Captioned web images
<<<<
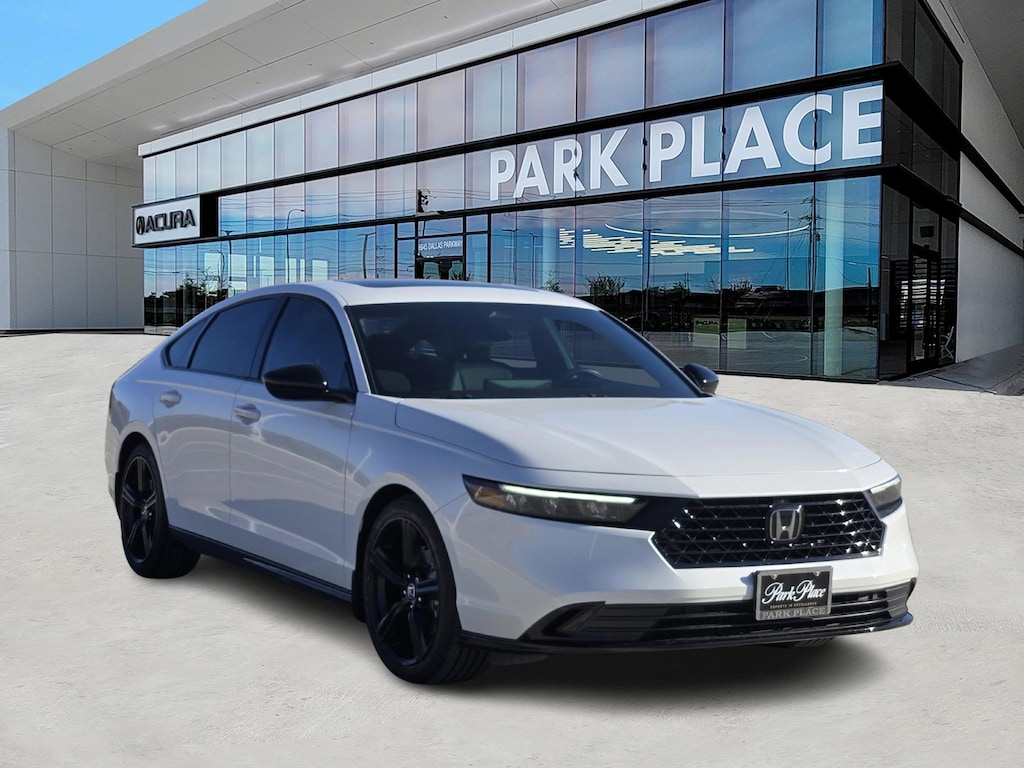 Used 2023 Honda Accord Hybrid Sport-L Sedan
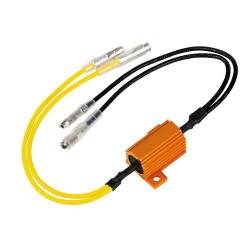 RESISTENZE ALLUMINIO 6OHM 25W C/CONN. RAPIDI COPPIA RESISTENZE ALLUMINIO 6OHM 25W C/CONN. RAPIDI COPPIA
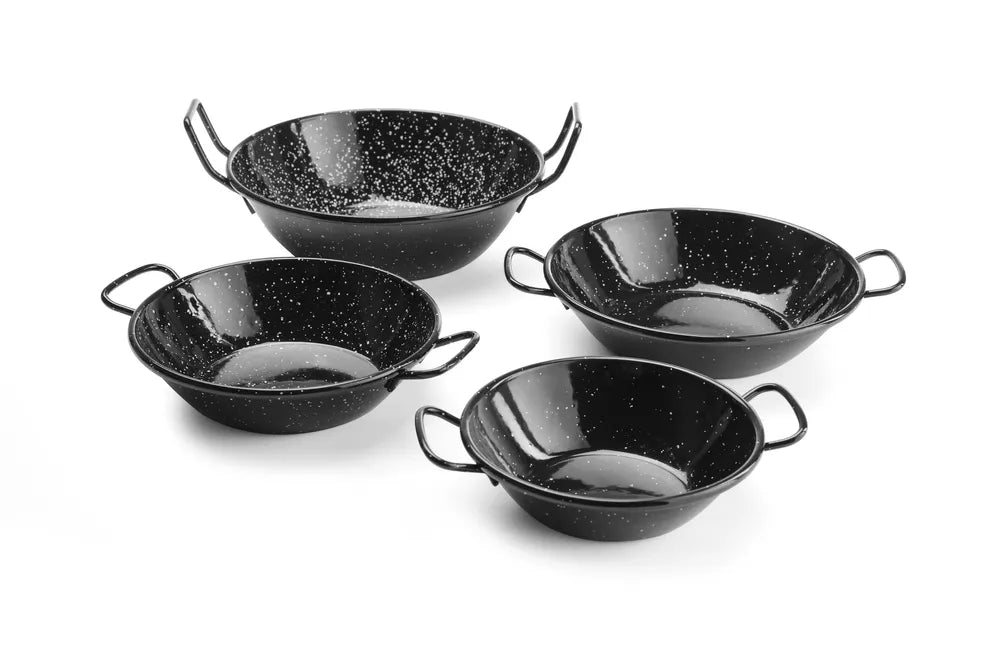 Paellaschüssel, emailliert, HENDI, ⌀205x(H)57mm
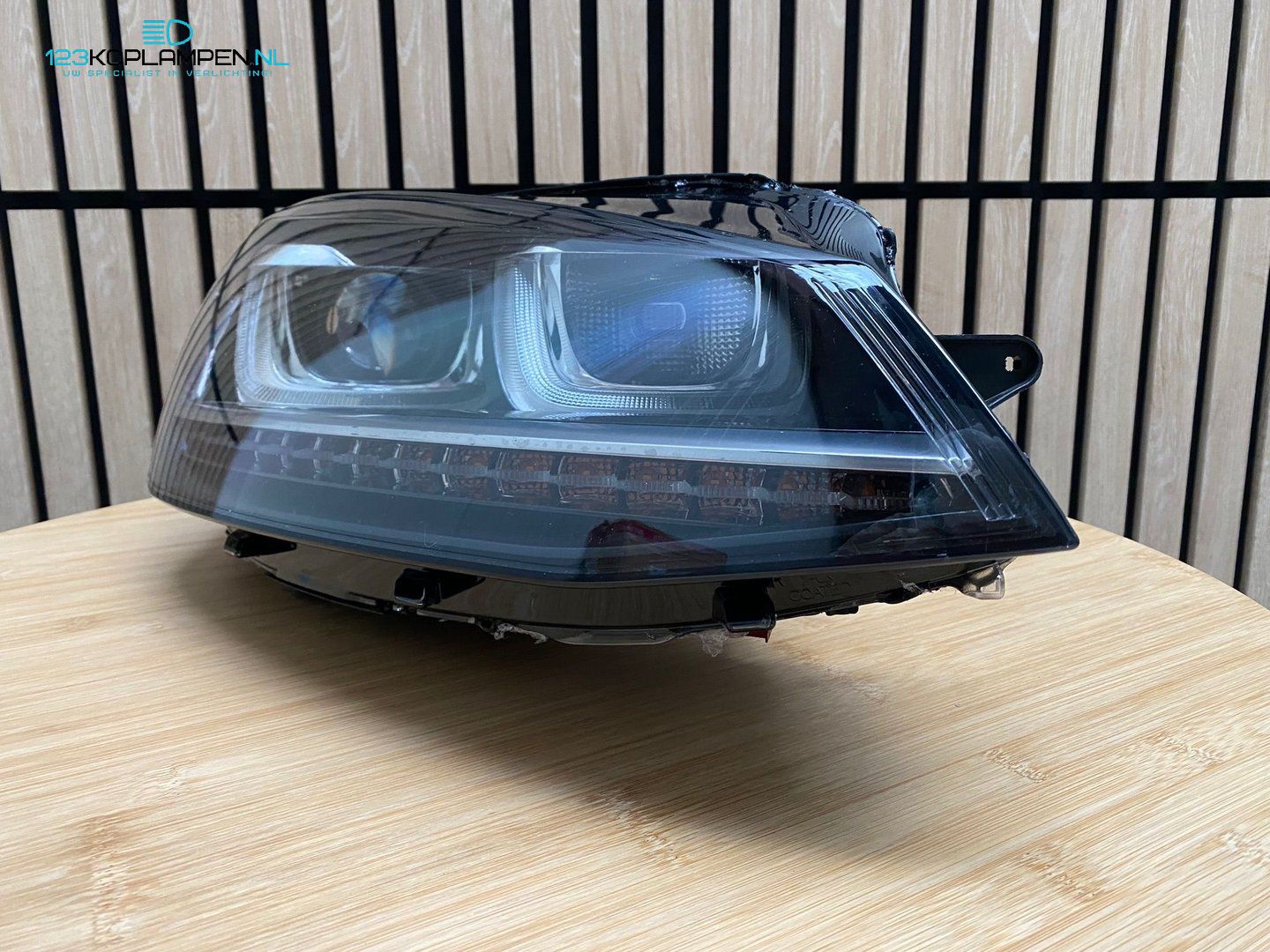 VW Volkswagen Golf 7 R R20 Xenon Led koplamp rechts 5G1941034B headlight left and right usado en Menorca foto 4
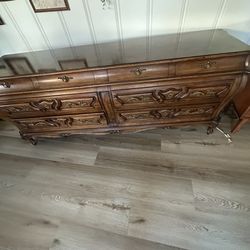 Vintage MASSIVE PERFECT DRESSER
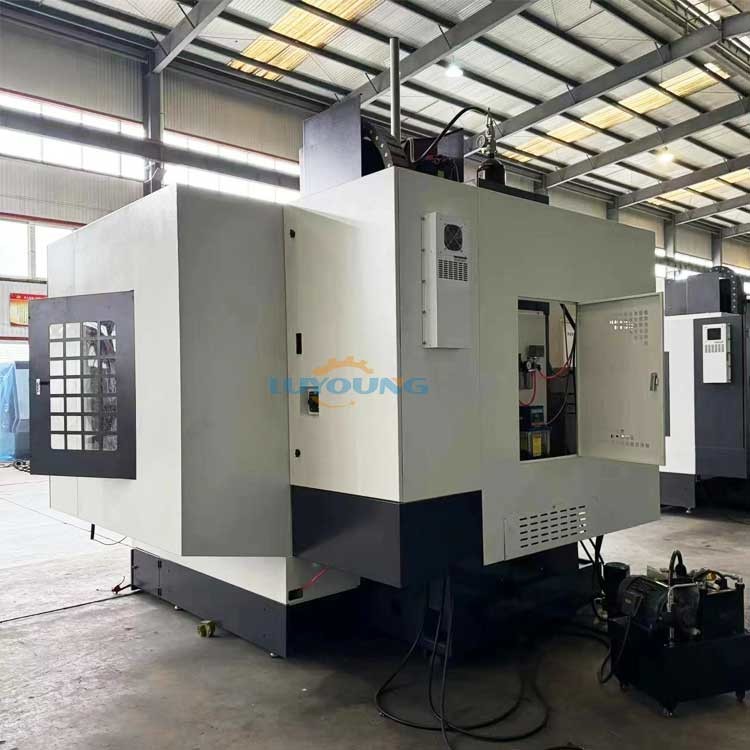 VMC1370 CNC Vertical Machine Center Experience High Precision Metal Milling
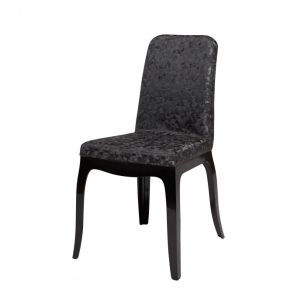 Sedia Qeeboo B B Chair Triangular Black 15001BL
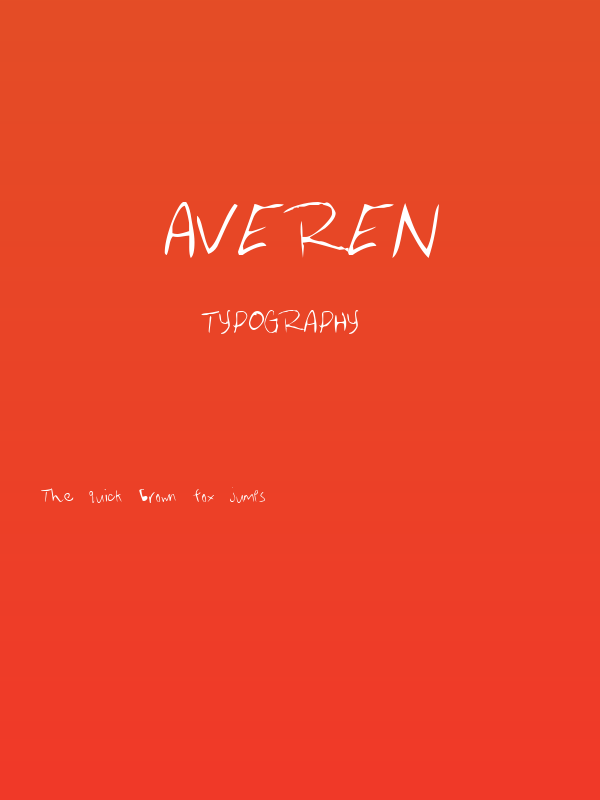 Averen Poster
>>>>
Reproduce the records verbatim, omitting all images they contain.

 Used 2023 Honda Accord Hybrid Sport-L Sedan
 RESISTENZE ALLUMINIO 6OHM 25W C/CONN. RAPIDI COPPIA RESISTENZE ALLUMINIO 6OHM 25W C/CONN. RAPIDI COPPIA
 Paellaschüssel, emailliert, HENDI, ⌀205x(H)57mm
 VW Volkswagen Golf 7 R R20 Xenon Led koplamp rechts 5G1941034B headlight left and right usado en Menorca foto 4
 Vintage MASSIVE PERFECT DRESSER
 VMC1370 CNC Vertical Machine Center Experience High Precision Metal Milling
 Sedia Qeeboo B B Chair Triangular Black 15001BL
 Averen Poster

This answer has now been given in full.